An assortment of new-to-me fantasy and science fiction, plus a roleplaying game.

Books Received, September 21 to September 27

Poll #31948 Books Received, September 21 to September 27
Open to: Registered Users, detailed results viewable to: All, participants: 44


Which of these look interesting?

View Answers

Cold Eternity by S.A. Barnes (April 2025)
15 (34.1%)

Firebird by Juliette Cross (April 2024)
4 (9.1%)

Picks and Shovels by Cory Doctorow (February 2025)
12 (27.3%)

Chaos by Constance Fay (March 2025)
6 (13.6%)

The Electric State by Nils Hintze & Tomas Härenstam (September 2024)
15 (34.1%)

The Night Is Defying by Chloe C. Peñaranda (January 2025)
5 (11.4%)

Murder by Memory by Olivia Waite (March 2025)
23 (52.3%)

Some other option (see comments)
0 (0.0%)

Cats!
30 (68.2%)

jreynolds197: A dinosaur. (Default)

[personal profile] jreynolds197 2024-09-28 04:20 pm (UTC)(link)
Cold sleep starships aren't as bad of a deathtrap as generation ship starships. But still bad enough, as the cover to Cold Eternity suggests.
mecurtin: Snoopy reads a book with ears standing on end (reading Snoopy)

[personal profile] mecurtin 2024-09-28 10:18 pm (UTC)(link)
I think Tchaikovsky's Alien Clay is the only story with cold sleep starships I've read recently that *doesn't* begin with "POV character wakes from cold sleep to find some/many/most fellow travelers dead"
patrick_morris_miller: Me, filking in front of mundanes (Default)

[personal profile] patrick_morris_miller 2024-09-28 04:34 pm (UTC)(link)

I'm not sure which I hate more: "X meets Y" blurbs or Cory Doctorow.

kedamono: (Default)

[personal profile] kedamono 2024-09-29 05:39 pm (UTC)(link)
I think it comes first before "If you like X and Y, then you'll let Z" Sometimes X and Y are from totally different genres and settings that it doesn't make sense. Like "If you like Terry Pratchett's Discworld novels, and Stephen Kings Horror Novels, then you'l love..."

(Anonymous) 2024-09-28 04:55 pm (UTC)(link)
Apparently Cory Doctorow thinks that forensic accounting was invented in 1986?
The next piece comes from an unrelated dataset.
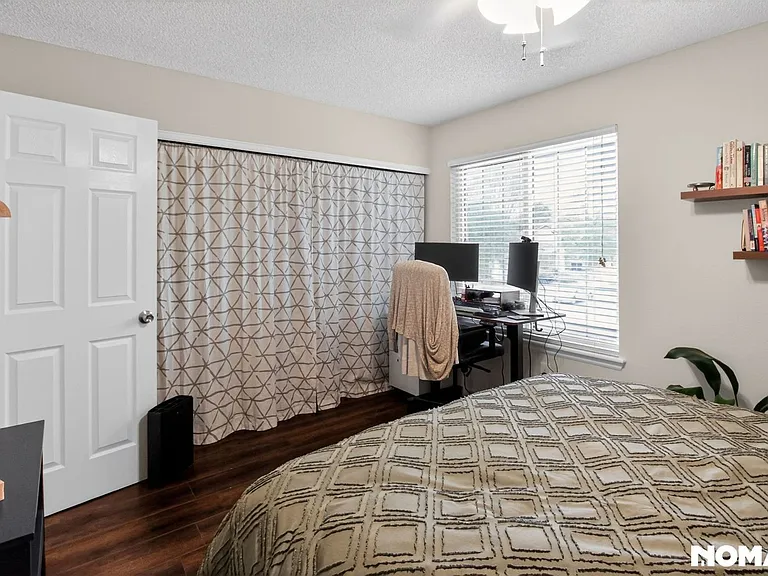 4239 S Mobile Cir #C — Photo 24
...Does he not know that people have used spreadsheets since the 13th century, as they are part of the process of double-entry bookkeeping?

--
Nathan H.

(Anonymous) 2024-09-30 09:09 pm (UTC)(link)
Wikipedia says "Frank Wilson is credited with the birth of forensic accounting in the 1930s" - to put Al Capone in jail for federal income tax evasion - but it "was not formally defined until the 1940s". Cory Doctorow perhaps is considering the computerization of the discipline.

Robert Carnegie

(Anonymous) 2024-10-01 08:43 pm (UTC)(link)
Incidentally, film "The Undercover Man" (1949) just showed up on "Talking Pictures TV". I'll watch it later. Maybe. In it, per Wikipedia (which leads with spoilers), "Frank Warren is a treasury agent assigned to put an end to the activities of a powerful mob crime boss". Apparently it's quite accurate about Frank Wilson, in which case forensic accounting is more hard work than I thought.

Robert Carnegie

(Anonymous) 2024-09-28 06:19 pm (UTC)(link)
Are you being sent more `romantasy' novels than previously (new publisher?), or am I only now noticing them?

[personal profile] agharta75 2024-09-30 04:27 pm (UTC)(link)
Do any of these new romantasy novels have cats?